Federation approach (2) has quite bad performance issues (especially 
with pagination+sorting), so I would prefer (1). But this really 
requires full sync from external store into KC IMO.


(b) Then we have methods for retrieve single user:
getUserBy*** --- here we can try to retrieve user from 'local' store and 
fallback to 'external'. In that case, user will be synced on demand to 
KC database (similar approach like AuthenticationProvider), but then we 
have the issue that just those users, who were retrieved from 
externalStore will be available in KC.

I think that we can either:
(1) Federate users from both stores
(2) Temporarily allow that just some users from LDAP are available in KC 
database (those who were authenticated or for which getUserBy*** was called)
(3) Do full sync

I don't know if you see some other solution, but I would say that if we 
want to avoid (1) and (2) we really need to do full sync. So I would 
imagine that if someone configure externalStore, he will also need to 
trigger full sync to KC to have all users added to Keycloak.
>
>
>>
>>
>>
>> In details, I can imagine to have things working this way:
>>
>> * There will be Sync SPI configured per realm, which will allow to sync
>> users from "external store" to Keycloak.
>>
>
> +1
>
>> * It will be possible to configure when to sync users. For example it
>> can be full sync from LDAP at server startup or triggered from admin
>> console. Then some periodic sync (triggered for example once per day).
>>
>
> +1
>
>> * I am not sure if we need full sync from Keycloak to "external
>> provider" but probably not. Once user, role or user credential will be
>> updated in Keycloak, it will be also immediatelly synced to external
>> provider (if provider is not read-only).
>>
>
> If you don't implement through the UserProvider/UserModel interface 
> then you would need an Event model for which the SyncProvider listens 
> to so that it can sync the user on demand.
yep, I think that it works to implement this in UserProvider (and 
RealmProvider for roles). Basically you have something like 
"WrapperUserProvider" and once add/update/delete user is invoked, it 
will perform the operation on "local" UserProvider and then invoke 
particular method on SyncProvider to sync it back into external storage.
>
>> * It depends on SyncProvider implementation, what user data are synced.
>> For example in case of LDAP it will be just email+first,lastName and
>> eventually role mappings.
>>
>> * SyncProvider may also support roles + role mappings from external
>> store. SyncProvider will be able to import roles into RealmProvider and
>> then particular role mappings into UserProvider.
>>
>> * Users synced from "external provider" will have link to this provider
>> similarly like it's now. In case that provider is read-write, then all
>> newly created users in Keycloak will be synced into "external provider"
>> immediatelly also with the credential (if syncProvider supports
>> particular credential)
>>
>> I would propose the interface like this to handle both
>> sync/authentication (not sure if "SyncProvider" is good name, maybe
>> rather "ExternalUserProvider"). I can imagine something like this:
>>
>>
>> public interface SyncProvider {
>>
>
> I think your SyncProvider interface is very limiting and even 
> unusable.  For example, getAllUsers() is completely unfeasible if 
> there is a large user database.
oops, sorry. It's maybe not clear from method name and javadoc that 
"getAllUsers" is intended to be used for sync *from* External storage 
*to* Keycloak. The idea is that "getAllUsers" (or 
"syncAllUsersFromExternalStore" or whatever it's named) will be called 
by admin when he wants full sync from external storage to KC.

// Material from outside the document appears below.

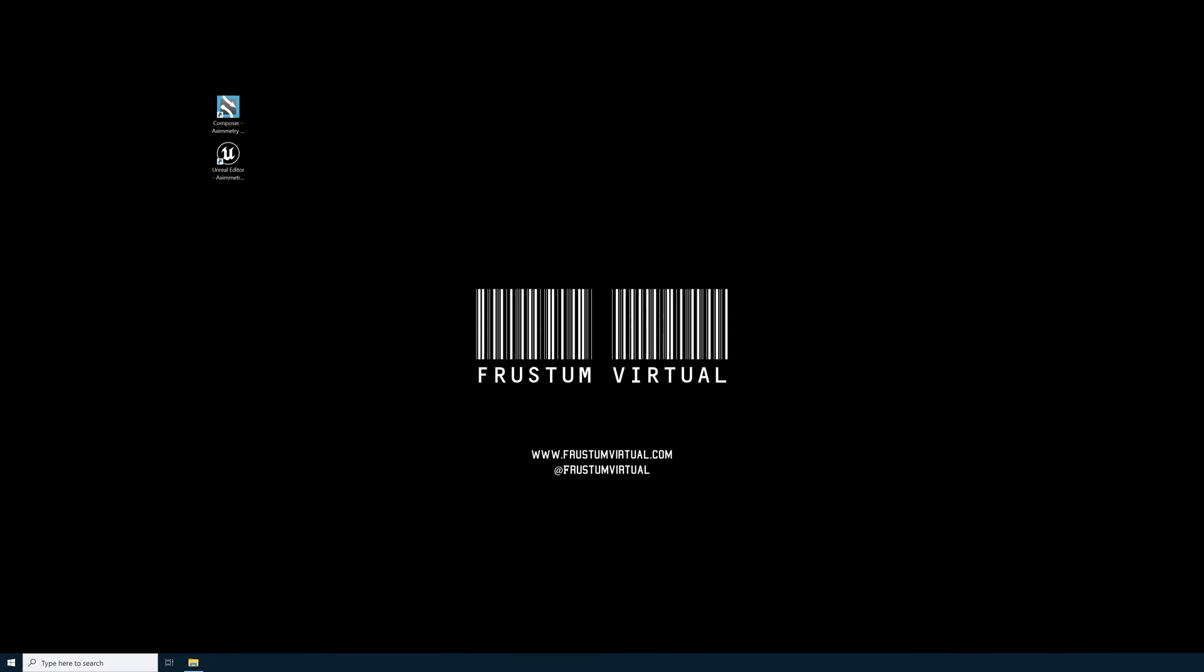Hello, my name is Taylor Ross. I'm an Eximetry Ambassador and the owner of Frustum Virtual in Los Angeles, California.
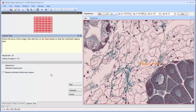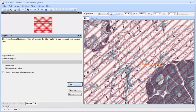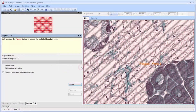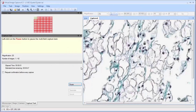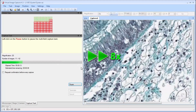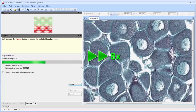An option lets the user manually adjust the focus in each field. Then click on start. The field that is captured is displayed in the capture window and saved in a file on disk. The fields captured are highlighted in the global view window.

IMO sync from Keycloak to external storage is quite easy. We can either 
do it immediatelly when add/update/delete user/role is invoked or we can 
use some event approach you proposed with periodic (or on demand) sync 
of just "dirty" entities. We already have AuditProvider, which could be 
eventually used.

Personally I would prefer to always do sync from KC immediatelly as 
event queue doesn't always work. For example when you have RW LDAP and 
you register new user in Keycloak, you would need to save this user and 
his password immediatelly into external store. Save it somewhere in 
Keycloak database and then clear once Chron Job is triggered doesn't 
work IMO as it would mean that we will need to save passwords in 
plain-text until they are synced into LDAP. Which doesn't make much 
sense IMO.

So for sync from Keycloak to externalStore, I would personally always do 
it immediatelly after operation is performed on 
UserProvider/RealmProvider. It's not so big overhead IMO.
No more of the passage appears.